Instructions to follow => Repeat exactly the stretch of lines that starts with the one containing "xin's convey DIY" and ends with the last line of the material. Leave out pictures.

Dataset content =>

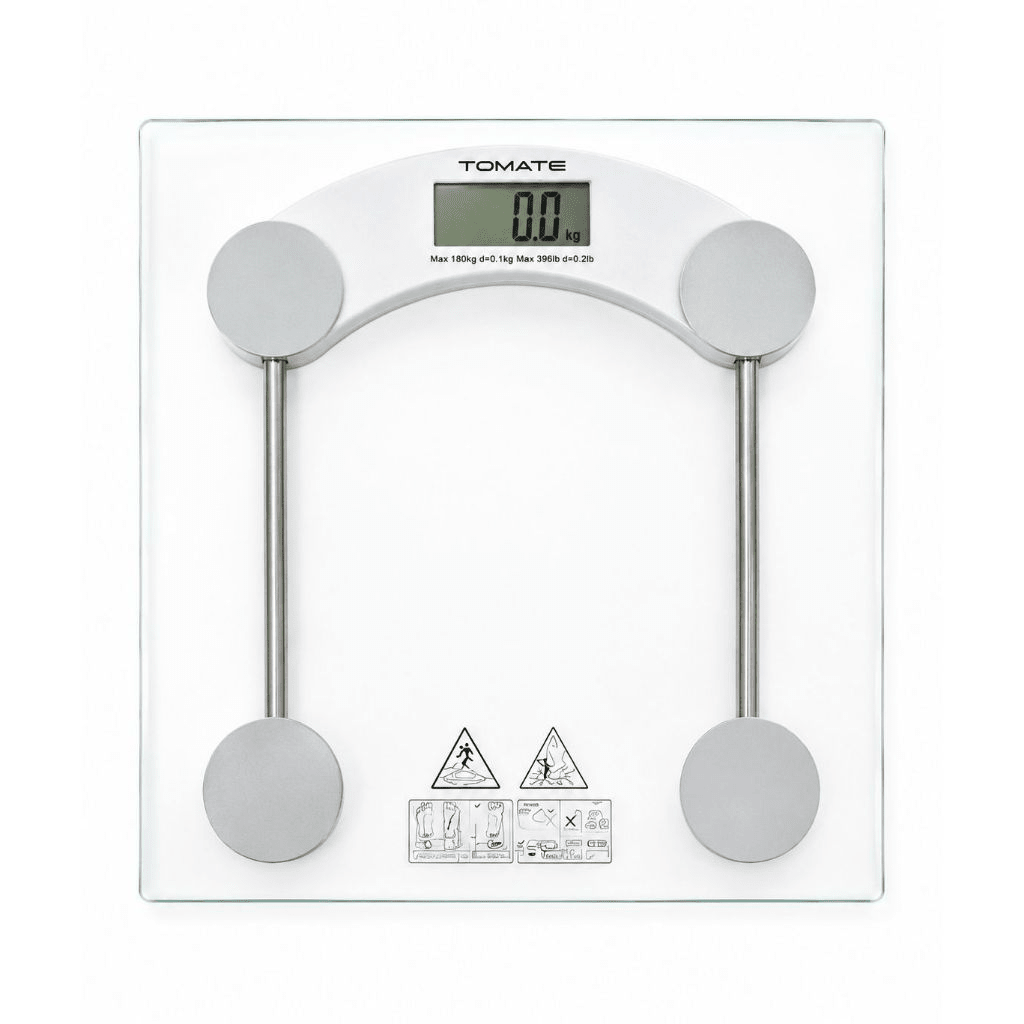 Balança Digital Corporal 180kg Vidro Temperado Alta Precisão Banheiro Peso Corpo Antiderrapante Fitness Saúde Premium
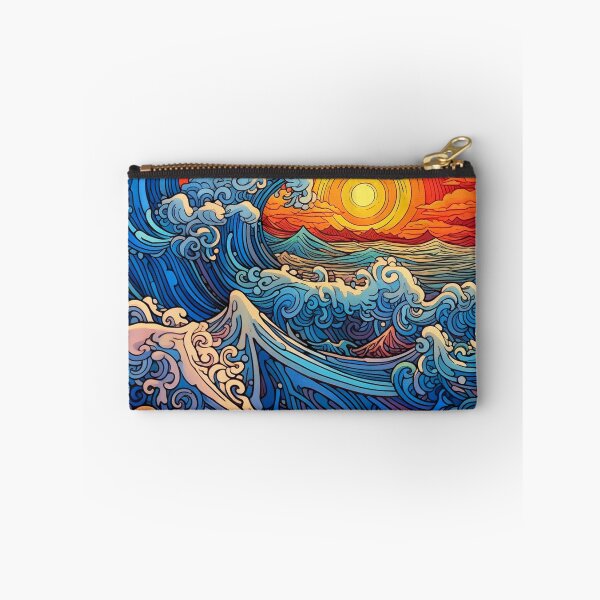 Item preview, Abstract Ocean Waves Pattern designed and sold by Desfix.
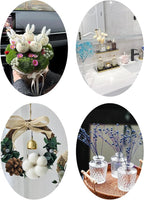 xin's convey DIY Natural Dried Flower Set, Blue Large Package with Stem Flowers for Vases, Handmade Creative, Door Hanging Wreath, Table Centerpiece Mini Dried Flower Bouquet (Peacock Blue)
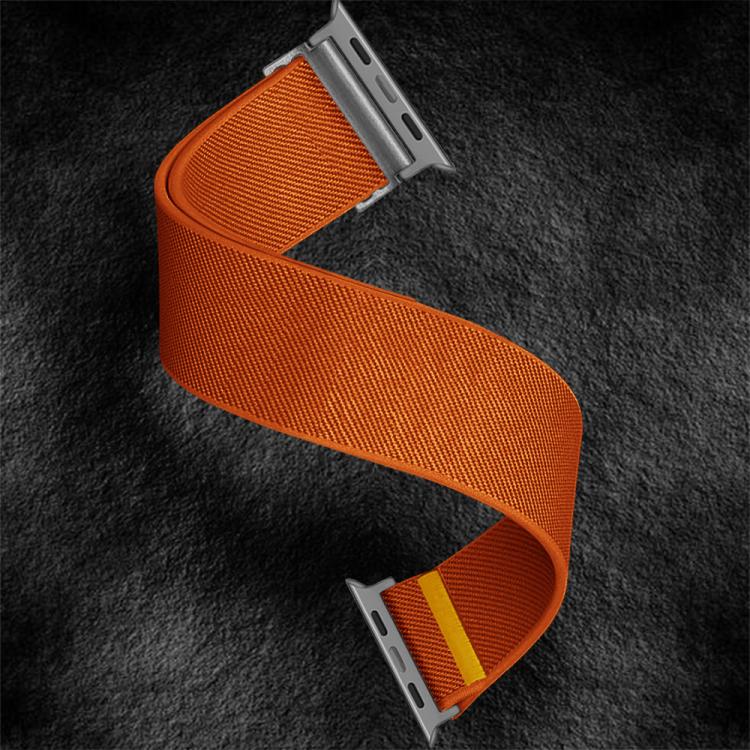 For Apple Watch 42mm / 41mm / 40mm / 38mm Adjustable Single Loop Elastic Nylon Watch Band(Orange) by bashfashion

Finished task =>
 xin's convey DIY Natural Dried Flower Set, Blue Large Package with Stem Flowers for Vases, Handmade Creative, Door Hanging Wreath, Table Centerpiece Mini Dried Flower Bouquet (Peacock Blue)
 For Apple Watch 42mm / 41mm / 40mm / 38mm Adjustable Single Loop Elastic Nylon Watch Band(Orange) by bashfashion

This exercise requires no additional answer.